_TASK INSTRUCTIONS_
Omit all images, then repeat exactly the lines below from the one containing "419-421 N Adams" through the one containing "follando hermosa latina", both ends included.

+++

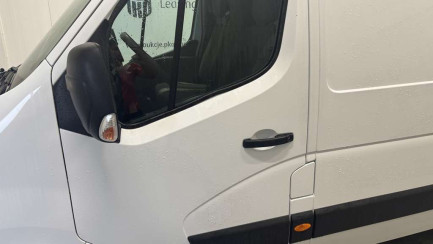 Zdjęcie przedmiotu: Renault Master FWD 2.3 dCi E6d 3.5t L3H2 Business
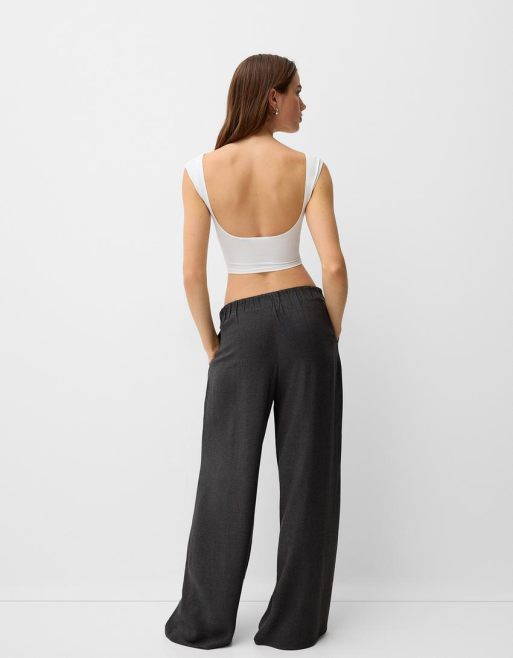 Bershka pull on waist wide leg trousers in dark grey, 4 of 4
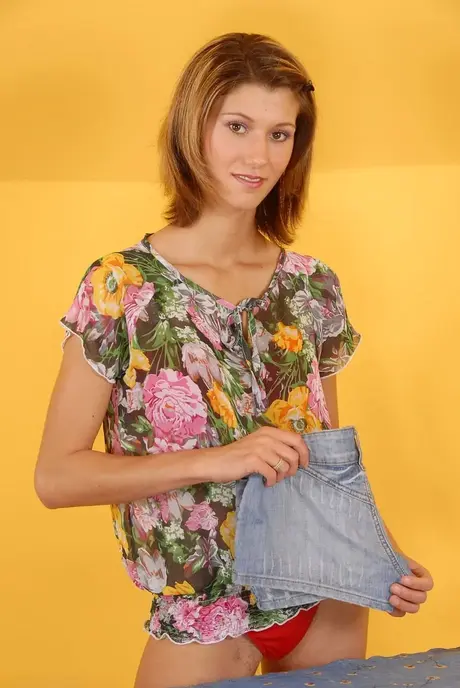 Amatérská teenagerka ukazuje svou hladkou píču poté, co si sundala bikiny
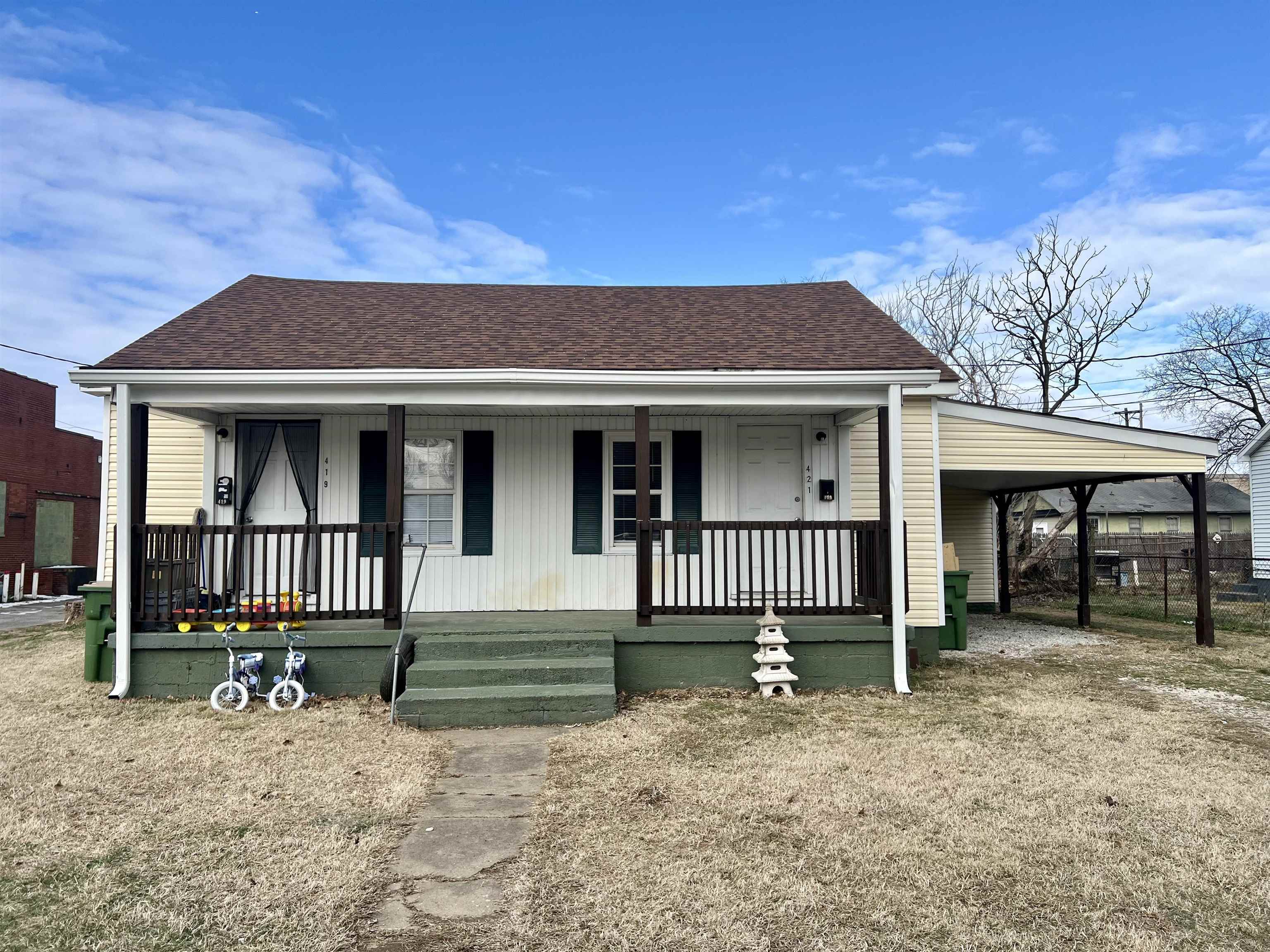 Property Photo:  419-421 N Adams St.  KY 42420 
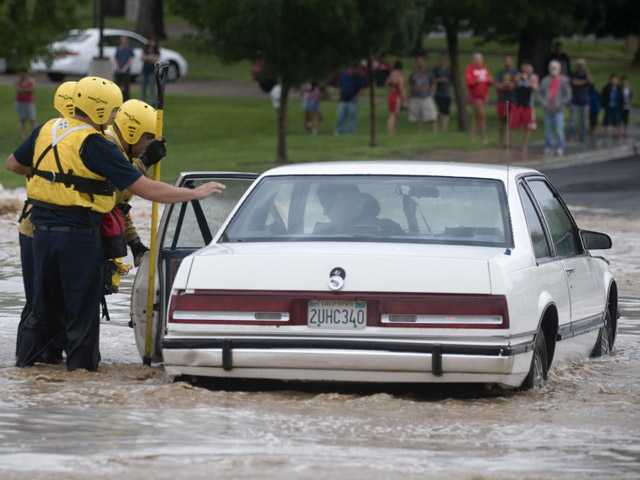 Thunderstorms trigger mud flows in S. Calif. 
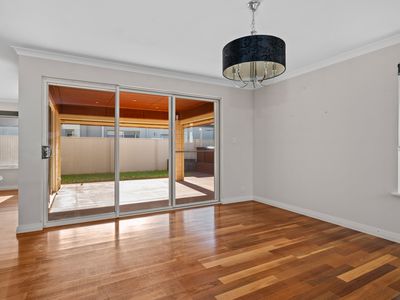 102 Aslett Drive, Karlkurla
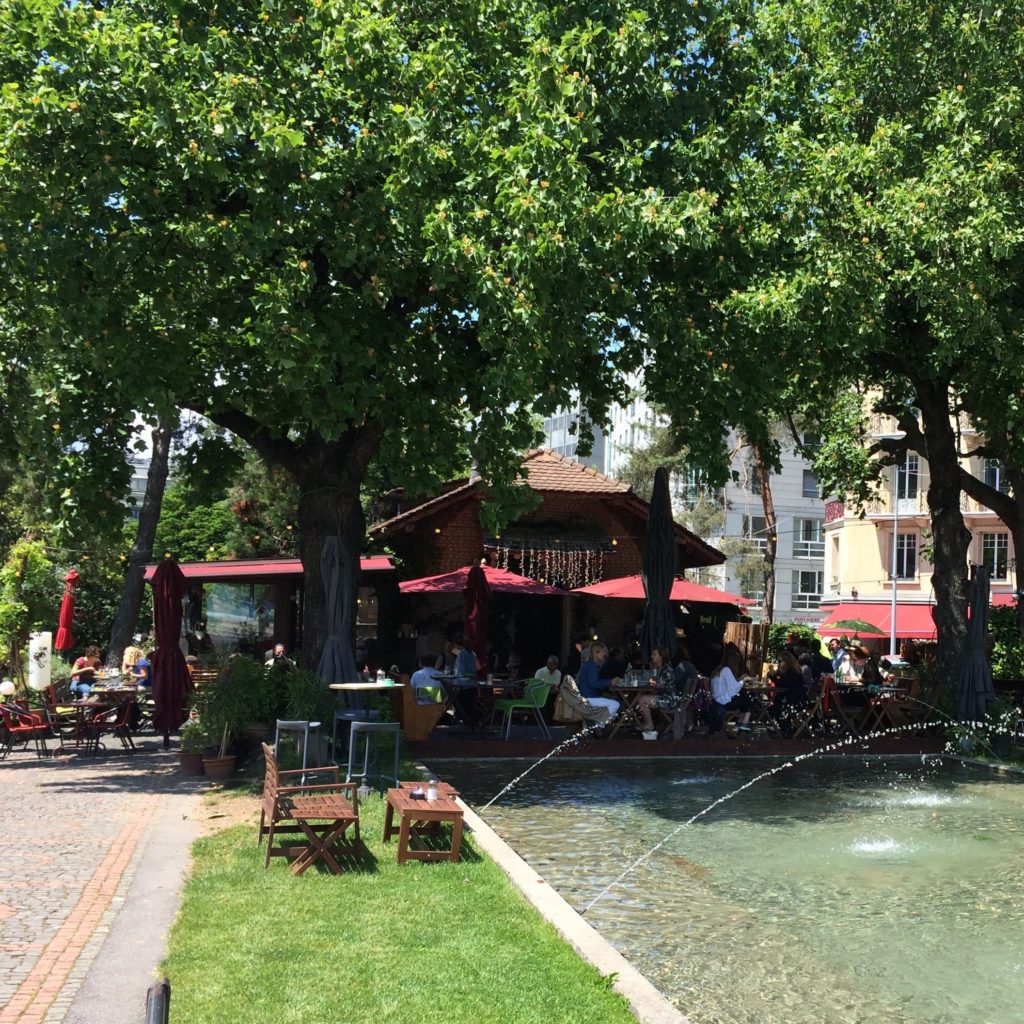 Le Cottage Cafe Le Colibry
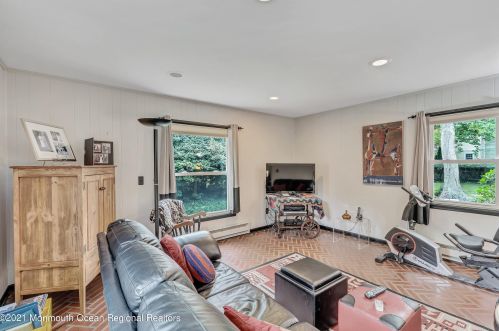 600 Edgemere Dr, Red Bank NJ 07711 exterior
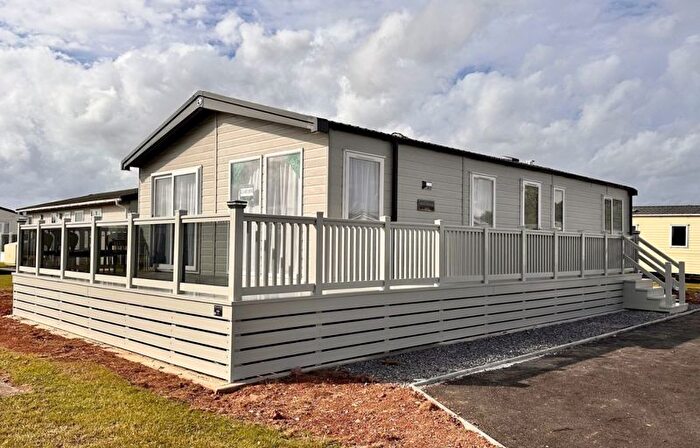 2 Bedroom Park Home For Sale In Hoburne, Blue Anchor, TA24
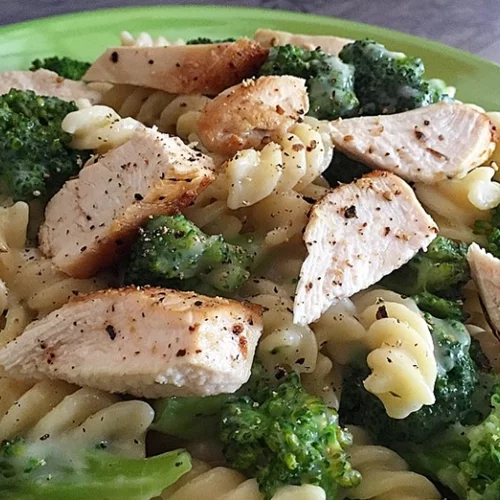 Φουσίλι με κοτόπουλο, μπρόκολο και σάλτσα αλφρέντο light από το διατροφολόγο Μάνο Δημητρούλη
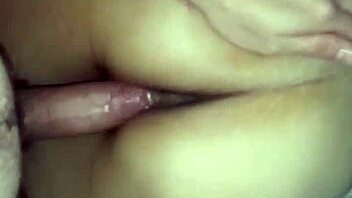 follando hermosa latina jovencita doggystyle hasta creampie en espalda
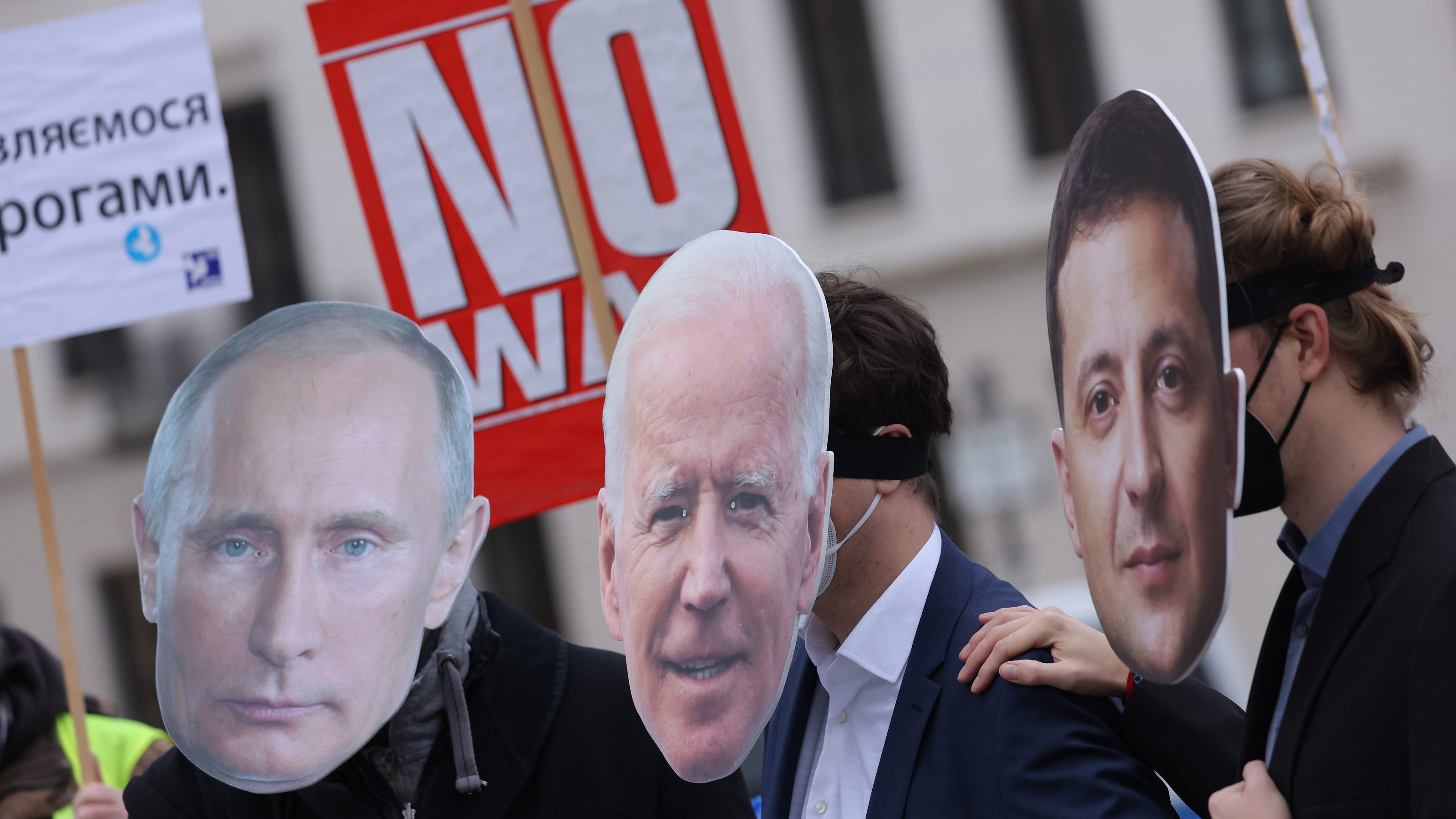 Vance Critiques Biden's Silence On Trump Administration's Russia-Ukraine Actions Vance Critiques Biden's Silence On Trump Administration's Russia-Ukraine Actions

+++

_SOLUTION TO THIS PROBLEM_
 Property Photo:  419-421 N Adams St.  KY 42420 
 Thunderstorms trigger mud flows in S. Calif. 
 102 Aslett Drive, Karlkurla
 Le Cottage Cafe Le Colibry
 600 Edgemere Dr, Red Bank NJ 07711 exterior
 2 Bedroom Park Home For Sale In Hoburne, Blue Anchor, TA24
 Φουσίλι με κοτόπουλο, μπρόκολο και σάλτσα αλφρέντο light από το διατροφολόγο Μάνο Δημητρούλη
 follando hermosa latina jovencita doggystyle hasta creampie en espalda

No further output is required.